Data science is a big area to tackle, but a core area is predictive analysis. Prediction if correct, in a business setting; you could probably say is priceless. So where does one start? Well the choice for many is to either use R or Python, in this post I’m using R. I’m not going to talk about the history of R, you can look that up yourself. I personally only started using R fairly recently and I found the learning curve quite difficult, and more than frustrating. Why? Well I found an article that goes into extensive detail, but does some up the many of the gripes that I personally have.
http://r4stats.com/articles/why-r-is-hard-to-learn/
Ok, so now we know you’re not the only one with R issues which bring me to Caret. Isn’t that spelt ‘carrot’? Nope it is definitely Caret, and it stands for _C_lassification _A_nd _RE_gression _T_raining. Caret is a wrapper to standardise the interface of many predictive analysis R packages.
http://topepo.github.io/caret/index.html
Caret’s author is Max Kuhn who is currently a software engineer at RStudio Inc. Check out his Linkedin profile for his full bio.
https://www.linkedin.com/in/max-kuhn-864a9110
Now there are quite a few Caret tutorials out there, but I am going to share my own, which is a very quick and dirty introduction. Now, I am by no means a data scientist nor do I have a statistical background, but we all have to start somewhere right?
This tutorial specifically uses Caret to do what is called ‘supervised learning’. To do this a set of data that has the following is needed:
(a) an outcome or ‘dependent’ variable
and
(b) a set of input or predictors known as ‘independent’ variables
The ‘supervision’ means – can a model be built using a portion of data, also known as training data, to then accurately predict the outcome on the rest of the data? By comparing the predicted outcome to real outcome we can see how well the model performed.
This tutorial uses data from direct marketing campaigns of a Portuguese banking institution – which is apparently real; anyway as you might be aware obtaining good data is half the battle. This data provides the results to a direct marketing campaign that sold bank term deposits. I found this data at the Center for Machine Learning and Intelligent Systems at the University of California (UCI), which can be downloaded from here:
http://archive.ics.uci.edu/ml/datasets/Bank+Marketing
So let’s use dataset 4 ‘bank.csv’. It is described as – “bank.csv with 10% of the examples and 17 inputs, randomly selected from 3 (older version of this dataset with less inputs)”. In this example we’ll be using the Caret library to interface with the randomForest library. The ‘Random Forest’ is the algorithm that we’ll be using to build the model, but of course Caret is designed give a standard interface to many different algorithms. For more on Random Forests I really liked this blog post by Edwin Chen:
http://blog.echen.me/2011/03/14/laymans-introduction-to-random-forests
Now let’s get into the R code. First things first we need to load the Caret library and the randomForest library.

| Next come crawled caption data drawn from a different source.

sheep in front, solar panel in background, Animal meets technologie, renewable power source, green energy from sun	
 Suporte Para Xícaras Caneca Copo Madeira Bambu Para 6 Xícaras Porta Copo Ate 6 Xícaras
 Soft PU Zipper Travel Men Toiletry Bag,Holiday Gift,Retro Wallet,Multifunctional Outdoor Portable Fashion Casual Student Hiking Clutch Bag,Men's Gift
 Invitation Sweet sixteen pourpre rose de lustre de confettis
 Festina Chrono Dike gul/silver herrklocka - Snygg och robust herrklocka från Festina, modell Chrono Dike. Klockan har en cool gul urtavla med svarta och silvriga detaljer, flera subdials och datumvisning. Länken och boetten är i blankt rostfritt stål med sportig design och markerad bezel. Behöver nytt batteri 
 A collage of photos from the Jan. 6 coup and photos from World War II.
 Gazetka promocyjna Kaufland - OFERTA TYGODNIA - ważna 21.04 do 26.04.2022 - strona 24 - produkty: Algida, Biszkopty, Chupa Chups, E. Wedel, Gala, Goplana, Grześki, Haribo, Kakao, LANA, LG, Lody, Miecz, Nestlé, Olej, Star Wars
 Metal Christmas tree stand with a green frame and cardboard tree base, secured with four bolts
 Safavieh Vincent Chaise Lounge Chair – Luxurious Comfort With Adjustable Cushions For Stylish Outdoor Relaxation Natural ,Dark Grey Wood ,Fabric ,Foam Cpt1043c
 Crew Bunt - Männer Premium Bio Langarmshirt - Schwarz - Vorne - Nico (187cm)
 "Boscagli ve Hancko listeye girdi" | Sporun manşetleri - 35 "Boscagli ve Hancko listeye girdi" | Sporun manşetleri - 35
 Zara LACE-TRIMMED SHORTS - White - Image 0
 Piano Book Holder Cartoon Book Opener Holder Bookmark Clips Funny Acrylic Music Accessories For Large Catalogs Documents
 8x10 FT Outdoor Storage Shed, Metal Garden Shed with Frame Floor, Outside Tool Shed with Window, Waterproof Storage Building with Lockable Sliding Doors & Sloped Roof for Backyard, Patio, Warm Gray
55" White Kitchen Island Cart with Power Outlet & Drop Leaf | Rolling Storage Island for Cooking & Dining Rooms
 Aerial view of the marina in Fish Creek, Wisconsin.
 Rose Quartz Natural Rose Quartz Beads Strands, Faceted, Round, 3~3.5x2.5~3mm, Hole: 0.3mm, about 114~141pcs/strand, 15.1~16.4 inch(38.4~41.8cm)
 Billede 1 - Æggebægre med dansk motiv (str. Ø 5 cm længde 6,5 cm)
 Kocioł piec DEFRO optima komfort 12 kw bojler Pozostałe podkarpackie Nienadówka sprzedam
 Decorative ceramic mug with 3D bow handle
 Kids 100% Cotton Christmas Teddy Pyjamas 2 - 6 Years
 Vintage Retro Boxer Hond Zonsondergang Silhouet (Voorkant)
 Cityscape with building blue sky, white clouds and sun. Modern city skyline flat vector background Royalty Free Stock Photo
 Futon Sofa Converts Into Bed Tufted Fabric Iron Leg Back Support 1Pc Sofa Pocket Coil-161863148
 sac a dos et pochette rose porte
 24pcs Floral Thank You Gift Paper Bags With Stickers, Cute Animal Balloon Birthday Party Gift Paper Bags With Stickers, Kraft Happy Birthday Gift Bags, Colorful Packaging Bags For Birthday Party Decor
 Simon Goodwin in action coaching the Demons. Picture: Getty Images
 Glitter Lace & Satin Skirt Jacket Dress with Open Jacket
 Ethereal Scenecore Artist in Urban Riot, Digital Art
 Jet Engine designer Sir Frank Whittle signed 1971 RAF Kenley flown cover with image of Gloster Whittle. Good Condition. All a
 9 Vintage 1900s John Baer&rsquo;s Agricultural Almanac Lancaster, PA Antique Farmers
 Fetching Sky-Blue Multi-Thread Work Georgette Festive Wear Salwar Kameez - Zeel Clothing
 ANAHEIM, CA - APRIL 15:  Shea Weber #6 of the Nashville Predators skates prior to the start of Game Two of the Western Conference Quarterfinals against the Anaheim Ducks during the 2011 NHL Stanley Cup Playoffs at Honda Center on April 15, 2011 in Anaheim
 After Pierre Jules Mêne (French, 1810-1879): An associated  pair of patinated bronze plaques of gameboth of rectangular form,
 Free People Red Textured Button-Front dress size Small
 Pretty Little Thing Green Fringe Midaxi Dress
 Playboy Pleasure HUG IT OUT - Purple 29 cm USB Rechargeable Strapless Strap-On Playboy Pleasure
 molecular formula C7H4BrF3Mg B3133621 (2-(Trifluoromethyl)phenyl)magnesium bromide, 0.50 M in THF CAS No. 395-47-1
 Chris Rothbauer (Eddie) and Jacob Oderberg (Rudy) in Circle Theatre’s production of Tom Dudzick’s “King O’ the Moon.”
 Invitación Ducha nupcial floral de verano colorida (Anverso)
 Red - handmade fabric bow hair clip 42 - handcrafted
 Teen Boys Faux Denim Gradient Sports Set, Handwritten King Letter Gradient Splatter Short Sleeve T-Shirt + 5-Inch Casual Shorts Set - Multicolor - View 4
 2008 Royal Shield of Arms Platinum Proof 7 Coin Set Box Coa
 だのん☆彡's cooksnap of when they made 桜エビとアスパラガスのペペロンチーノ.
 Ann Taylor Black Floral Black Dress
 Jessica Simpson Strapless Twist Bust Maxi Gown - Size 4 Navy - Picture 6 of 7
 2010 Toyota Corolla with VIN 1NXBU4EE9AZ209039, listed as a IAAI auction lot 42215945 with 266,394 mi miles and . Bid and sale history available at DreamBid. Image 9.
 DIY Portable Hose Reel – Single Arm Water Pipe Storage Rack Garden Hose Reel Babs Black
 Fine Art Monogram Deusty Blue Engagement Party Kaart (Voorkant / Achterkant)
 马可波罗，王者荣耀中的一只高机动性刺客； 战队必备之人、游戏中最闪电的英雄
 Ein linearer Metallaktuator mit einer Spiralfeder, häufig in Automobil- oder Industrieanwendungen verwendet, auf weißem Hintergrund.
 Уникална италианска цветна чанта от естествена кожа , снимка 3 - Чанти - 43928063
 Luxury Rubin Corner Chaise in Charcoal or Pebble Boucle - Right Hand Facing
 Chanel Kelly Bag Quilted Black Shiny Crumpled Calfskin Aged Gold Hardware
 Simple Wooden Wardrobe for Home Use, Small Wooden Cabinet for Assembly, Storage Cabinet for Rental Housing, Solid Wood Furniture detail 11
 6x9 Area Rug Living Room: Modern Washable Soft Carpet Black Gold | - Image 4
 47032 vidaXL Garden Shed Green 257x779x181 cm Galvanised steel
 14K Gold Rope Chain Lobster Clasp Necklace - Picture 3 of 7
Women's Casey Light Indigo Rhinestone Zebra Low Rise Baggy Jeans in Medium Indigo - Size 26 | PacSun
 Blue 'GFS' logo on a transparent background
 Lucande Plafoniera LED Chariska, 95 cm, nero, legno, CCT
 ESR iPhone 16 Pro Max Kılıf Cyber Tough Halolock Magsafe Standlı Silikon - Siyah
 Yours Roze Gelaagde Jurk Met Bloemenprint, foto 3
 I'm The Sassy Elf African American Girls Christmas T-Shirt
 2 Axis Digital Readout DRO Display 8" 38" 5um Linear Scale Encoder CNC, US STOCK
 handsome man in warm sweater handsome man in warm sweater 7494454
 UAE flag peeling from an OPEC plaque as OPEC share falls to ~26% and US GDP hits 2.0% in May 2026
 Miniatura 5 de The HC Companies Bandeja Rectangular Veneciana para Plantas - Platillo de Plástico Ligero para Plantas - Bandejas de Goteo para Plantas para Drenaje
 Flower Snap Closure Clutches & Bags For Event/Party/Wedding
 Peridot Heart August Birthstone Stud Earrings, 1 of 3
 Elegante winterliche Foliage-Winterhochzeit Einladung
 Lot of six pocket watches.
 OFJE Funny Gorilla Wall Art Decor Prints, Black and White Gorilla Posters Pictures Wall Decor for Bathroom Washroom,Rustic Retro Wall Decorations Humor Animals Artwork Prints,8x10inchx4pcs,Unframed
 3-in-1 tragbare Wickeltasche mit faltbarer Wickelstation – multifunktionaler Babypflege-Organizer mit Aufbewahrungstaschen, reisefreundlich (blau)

> # Step 1: Load libraries > #install.packages("caret") > #apparently Caret has a dependency on ‘e1071’ > #install.packages("e1071”) > #install.packages("randomForest") > library(caret) > library(e1071) > library(randomForest)
Next we load the data.
> # Step 2: Load data > bankData = read.csv("/Users/leighroy-mbp/Documents/R Scripts/Caret Example/bank.csv", header = TRUE, sep = ';')
The next step is to create a training data set for the supervised learning with the ‘createDataPartition()’ function being part of the Caret library.
> # Step 3: Create training and test datasets > #create the training data > trainingIndex <- createDataPartition(bankData[,17], p = .75, list = FALSE, times = 1) > trainingData <- bankData[trainingIndex,] > #create the test data > fullIndex <- 1:nrow(bankData) > #setdiff is used to select the remaining rows that weren't selected in the training data > testIndex <- setdiff(fullIndex,trainingIndex) > testData <- bankData[testIndex,]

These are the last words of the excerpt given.